Posted by Sheya on October 20, 2010

Last week we posted Matthew Continetti’s op-ed titled “Five Myths About Sarah Palin. If you haven’t read it yet, it’s worth your time. You may not agree with everything he writes but In general he busts all those myths. Mr Continetti was on Fox & Friends today to discuss his piece:

I have another myth I want to debunk.

Most Americans think Palin is unqualified to be President.

Not True! Yes, we’ve seen the polls, read the reports, and heard the analysis. First, most people don’t go behind the numbers to tell you why the numbers are what they are. I’ve already written about it in The Polarization of Sarah Palin.
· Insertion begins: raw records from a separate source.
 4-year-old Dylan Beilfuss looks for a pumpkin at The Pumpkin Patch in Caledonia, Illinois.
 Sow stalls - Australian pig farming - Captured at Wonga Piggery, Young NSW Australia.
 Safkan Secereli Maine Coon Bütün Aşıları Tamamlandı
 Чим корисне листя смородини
That too is a good read.
There is another thing going on here: The Palin Effect. The Palin effect is the reverse of the Bradley Effect. For those who are unaware of the Bradley Effect, this is how Wikipedia summarizes it:

The Bradley effect, less commonly called the Wilder effect is a theory proposed to explain observed discrepancies between voter opinion polls and election outcomes in some US government elections where a white candidate and a non-white candidate run against each other Instead of ascribing the results to flawed methodology on the part of the pollster, the theory proposes that some voters tend to tell pollsters that they are undecided or likely to vote for a black candidate, and yet, on election day, vote for the white opponent. It was named after Los Angeles Mayor Tom Bradley, an African-American who lost the 1982 California governor’s race despite being ahead in voter polls going into the elections.
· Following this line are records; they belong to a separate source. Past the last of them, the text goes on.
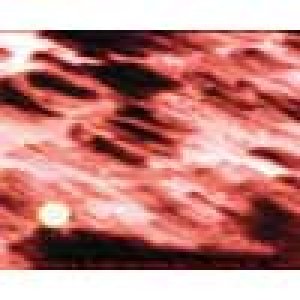 album Odissea nella terra del vento - Taranta Terapy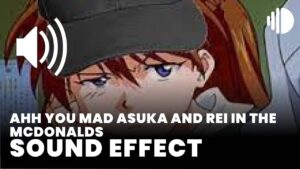ahh you mad asuka and rei in the mcdonalds download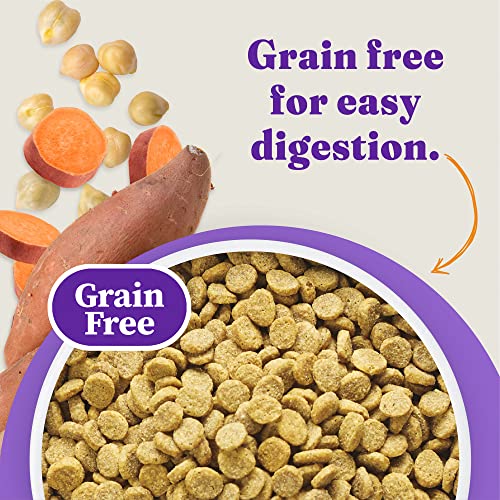  Halo Holistic Dog Food, Complete Digestive Health Grain Free Cage-Free Chicken And Sweet Potato Recipe, Dry Dog Food Bag, Senior Formula, 3.5-lb Bag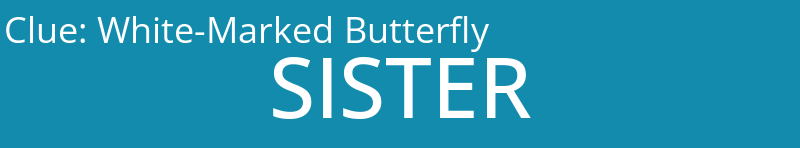 White-Marked Butterfly
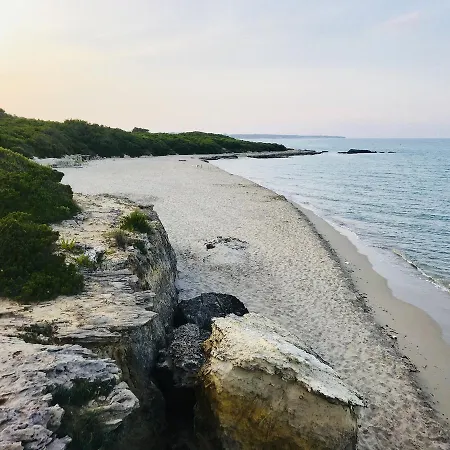 Bed & Breakfast Tenuta Turchi 3*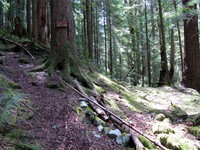 Pratt Lake trail big trees sign
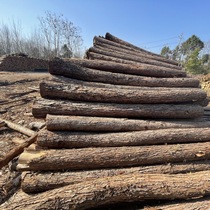 Fir wood pile river project piling wood greening support pole larch pitch pine outdoor flood control leather log pile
Let’s take that paragraph and adapt it to The Palin Effect:

The Palin Effect, is a theory proposed to explain observed discrepancies between voter opinion polls and election outcomes in some US government elections. Where some voters, for fear of being considered stupid or uneducated, or a belief that answering in the negative makes them look cool, tend to tell pollsters that they have an unfavourable opinion, yet privately they have a favourable opinion of the candidate. The Palin Effect also applies where voters will tell a pollster that the candidate in question is unqualified are that they are undecided or likely not to vote for them and yet, on Election Day, they do. It was named after 2008 Republican Vice Presidential candidate Sarah Palin, the Former Alaska Governor who won the 2012 US presidential election despite being behind in all the polls for two years prior.
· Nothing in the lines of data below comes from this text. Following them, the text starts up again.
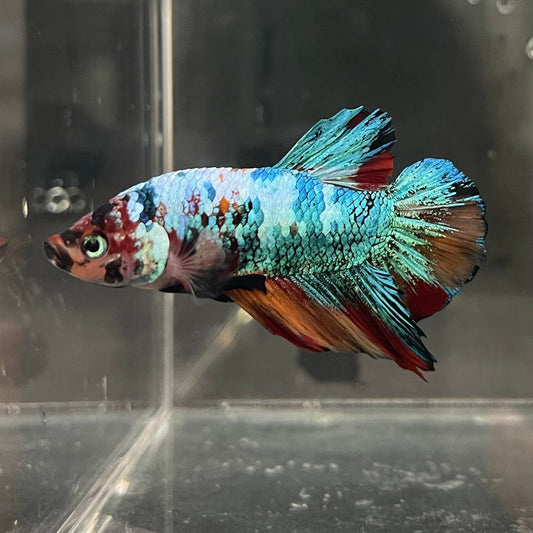 the-fish-farm Premium Male Betta Galaxy Koi Premium Male Betta - One Only - 17 Find a range of Galaxy Koi Male Bettas at The Fish Farm Australia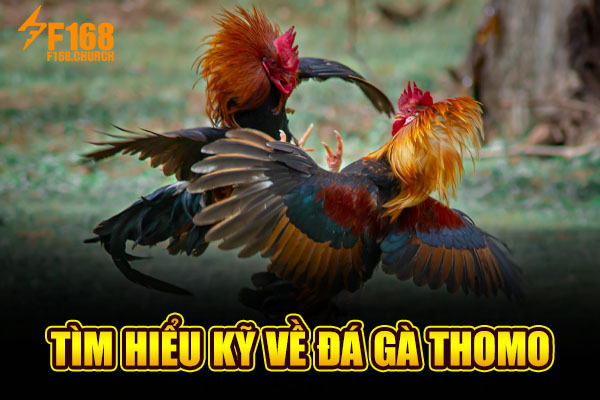 Tìm hiểu kỹ về đá gà Thomo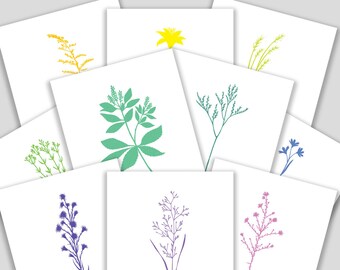Card Set with all ten (10) Flowers from "Vineyard Magic"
In my quest to get a hold of new and older videos for this site, I get in touch with many network producers, journalists and reporters. In most cases when I explain my request, they will go out of their way to try to help me. “I Love Governor Palin” or “She’s an amazing Women” and “I truly admire her” are the most common terms I hear, usually followed by “but don’t tell anyone I could lose my job” or “My friends would never forgive me if they knew that”.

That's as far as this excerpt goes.